Husson, Édouard, et Michel Terestchenko, les Complaisantes : Jonathan Littell et l'écriture du mal, Paris, François-Xavier de Guibert, 2007, 256 p.

      Le premier livre critique sur le roman de J. Littell devrait compter parmi les grands moments intellectuels du début du XXIe siècle. La réplique aura été du tac au tac, l'ouvrage étant daté de janvier 2007 (p. 27, n. 1).

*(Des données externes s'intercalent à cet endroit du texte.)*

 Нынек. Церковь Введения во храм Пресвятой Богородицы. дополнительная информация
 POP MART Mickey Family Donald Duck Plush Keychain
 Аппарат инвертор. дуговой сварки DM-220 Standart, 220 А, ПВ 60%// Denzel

Certes, comme dans les autres études critiques, les Bienveillantes se méritent les jugements péremptoires de tout lecteur simplement intelligent : « pédantisme exaspérant », « manque total d'intelligence... » et « profonde imbécillité » (p. 149), « récit ventriloque d'un narrateur aveugle » et roman caractérisé par « une absence de distance entre le narrateur et l'auteur » (p. 159); « un outrage aux lecteurs, une offense aux victimes » (p. 164). « La cécité d'un voyeur », ainsi s'intitule le chapitre 5 : totale absence de « complexité psychologique du narrateur », sans compter ses « inconséquences », son « manque de courage », « le fait qu'il ne cesse de se duper », son « absence totale de véracité » (p. 153). Bref, un navrant navet.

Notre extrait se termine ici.